Keep Track of Deadlines with Deadline
I’m on a quest for the perfect deadline reminder application.What I want is a simple online app that I can enter the due dates of my various writing assignments and projects into, and that will send me an email listing the upcoming deadlines. I already keep to-do list items and project planning stuff in other applications; my needs here are for a simple email that will just tell me what’s due, and when.
As it happens, it’s not a very lengthy quest, since as far as I can tell, there’s only one candidate: the aptly named Deadline. Deadline is a simple, free application that only does deadlines; you enter the task and the date it’s due, and Deadline sends you a reminder on that day and another as many minutes, hours, or days before as you select in your settings.
Entering tasks is simple: Deadline uses a natural text parsing system so you can enter things like “Interview with Dustin Wax due Jan. 18th at 5pm” and it will figure it out. Once entered, Deadline adds the entry to the list and adds email notifications to the queue. When it’s done, you just click the “Done” button and the task is removed from the list.
I have Deadline set to send me reminders three days before anything is due, which is an ok compromise time for me but not perfect – I’d rather have the ability to set different notification times for each item individually, and in some cases, to set more than one. For example, for a 650-word piece with minimal research, three days is fine; in fact, two or even one day would be fine.
On the other hand, for a major academic presentation I’m giving in April, I’d rather have weekly notifications so I can make sure I’m on track to finish in time and plan the various steps as I go. Getting a notification three days before the conference won’t be of any use – if it’s not done by then, it’s not going to get done! (Sure, I could use project planning software to set milestones and schedule each step, and I will – but I also want the security of something putting the deadline in my face on a somewhat regular basis.)
Still, it’s a handy little app, and I hope the developers will add a few features to it as time goes by. I appreciate the simplicity, so I hope they don’t go overboard, but given that they’ve incorporated the ability to customize the look and feel of the site (with built-in themes or custom colors and backgrounds) I would think they could manage to allow some customization of the actual functioning of the app without overloading it with complexity.
Deadline – Free
Want another FREE and EASY way of receiving email reminders?
Use Google Calendar.
With Google Calendar, you simply make an entry on the due date of the project, and then configure ‘reminders’ to be sent – by email, SMS text or even to to pop-up on your PC – as frequently as you like!
You can also configure your account to with default reminders, if you tend to prefer similar intervals and types of reminders for most of your projects/activities. You can then amend the defaults for each individual entry.

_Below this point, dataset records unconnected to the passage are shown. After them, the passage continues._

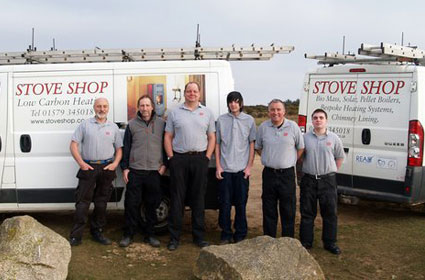 Stove Fitters Rock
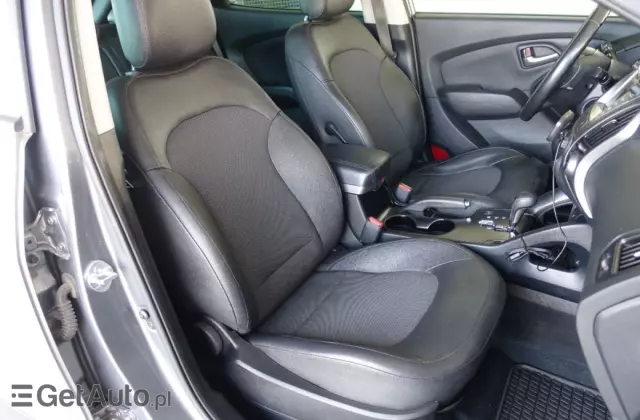 HYUNDAI Ix35 2.0 CRDi 4WD Automatik Style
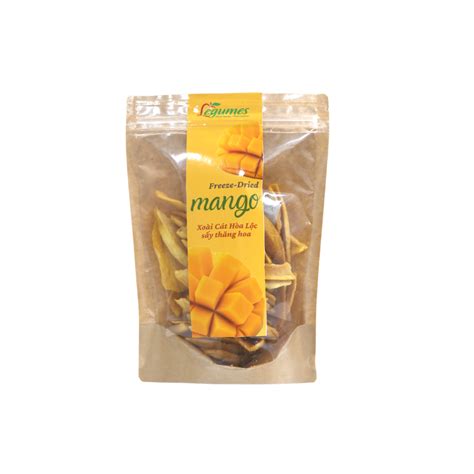 Freeze Dried Mango Légumes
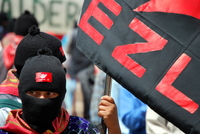 Marcha EZLN por la Paz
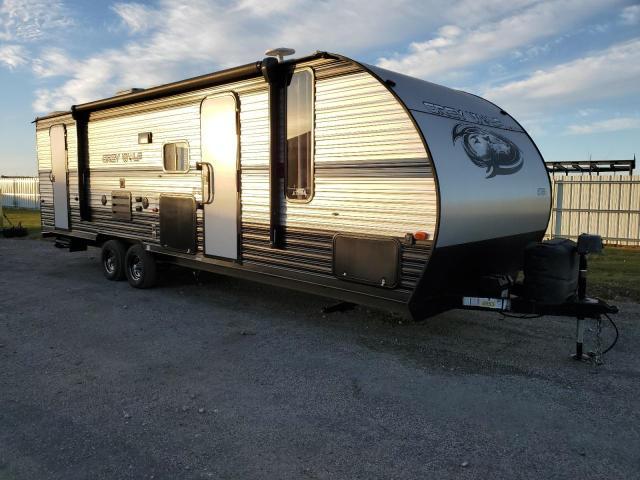 2019 Foresriver 2019 Forest River Grey Wolf Camper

Hope someone find this useful!
Cheers,
Laurie
Laurie: There are two reasons I don’t use Google Calendar for this, even though I use it extensively for all my other calendaring. First of all, it’s clutter-y; I want a way to look at all my upcoming deadlines at once, without seeing everything else, so I can get a quick grasp of my working life. Second, Google Calendar doesn’t offer multiple reminders – I can set a single reminder, which is “blended” in with all my other recorded commitments — appointments, meetings, etc. which also generate a notice. The way around that is to schedule each reminder as an event, but then that’s super-clutter-y.
For the same reason, I don’t want to use Toodledo for deadlines, through again, I already use it for a lot of other stuff (and it integrates nicely into Google Calendar).
Dustin — Google Calendar may not work the way you want, but the combination of iCal and the To Do list in the Apple email app will. You can set up multiple reminders in iCal, as far out as you want. And the To Dos, which you input in mail, appear in a list in both apps which can be sorted by date due, priority, title, calendar (e.g. relational list like Home, School, Work), or be manually sorted.
However, Windows users would probably be better off at Deadline.
backpackit.com
A to-list, reminders, journal, etc…
The reminders section is exactly what you described. You can have up to two users for the free version (less features than the pay version) and the reminders section is included.
I’m a newbie to GTD and came across the site in another forum. I introduced it to my SAHM wife (http://www.semihappyhomemaker.com) who is now setting reminders for all kinds of things.
One the best parts about the the reminders is you can not only get them via email, but by SMS text as well.